SSA Alumni in Israel

Gail Kizner Auslander, AM ’74, MPH, PhD and Brian Auslander, AM ’74

You might say they’re a social work power couple.

Brian Auslander

Four decades after first moving to Israel, Brian Auslander, AM ’74, serves as director of professional projects and the international relations unit for the Jerusalem Municipality Social Services Department, where among other duties he is part of the team of social workers who respond to mass casualty incidents including terrorist attacks and natural disasters. He’s also a leader in the Israel Association of Social Workers, currently serving as a member of the national council and as the association's international representative.

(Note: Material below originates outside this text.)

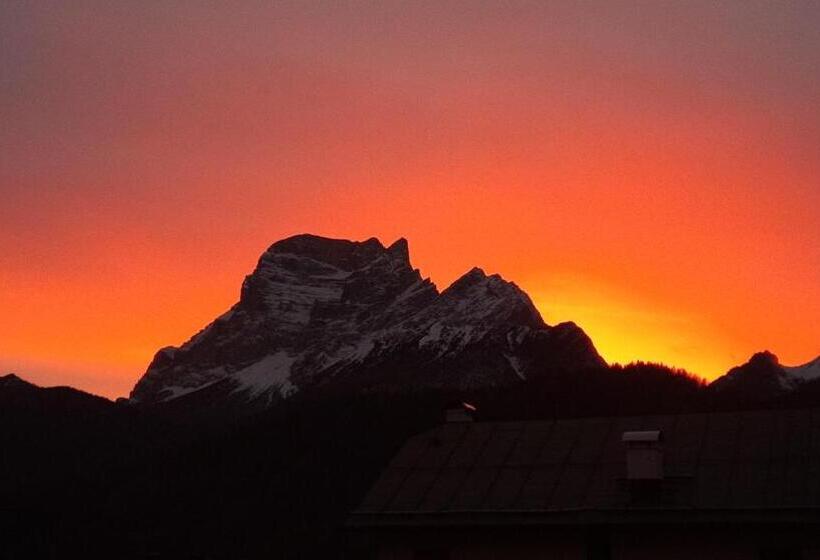 家庭山景房, Oasi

Gail Kizner Auslander, AM ’74, MPH, PhD, received her first appointment at the Paul Baerwald School of Social Work and Social Welfare, at Hebrew University in Jerusalem as a field work (internship) supervisor in 1978. She quickly moved up to instructor, teaching fellow, lecturer, senior lecturer, associate professor and finally, in 2004, full professor and the Zena Harman Chair in Social Work. She then served as dean for four years.  

Gail Auslander

“People know me from the academic side and know Brian both because of his work in the municipality and his work in the union,” Gail Auslander says. “We’re very well known as a social work couple in Israel. People always come up to him and tell him that I taught them, and people come up to me to tell me that they worked with him.”

The Auslanders met in college and arrived at SSA already married. Gail’s parents moved to Israel in 1971, a week after she and Brian married, and “over those next several years we visited once or twice, and it was an intriguing situation and an intriguing society,” Brian says. At the time, Israel was a primarily socialist country with “a tremendous amount of social solidarity,” he says. “We saw it as an adventure. We had nothing special holding us in the states. And in 1976, we stayed.”

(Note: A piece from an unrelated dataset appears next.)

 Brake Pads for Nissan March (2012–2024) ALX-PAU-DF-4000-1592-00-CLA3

At the time, the social work profession had just started to move from a non-academic to an academic profession, Brian says. Few of the country’s top universities had social work schools and the University of Chicago and SSA were very well known. “The degree from SSA was a door-opener,” Gail says, noting that Baerwald’s early leaders included two prominent SSA alumni: Jona Rosenfeld, AM ’56, PhD ’62, and Abraham Doron, AM ‘61. “We had no trouble at all getting jobs.”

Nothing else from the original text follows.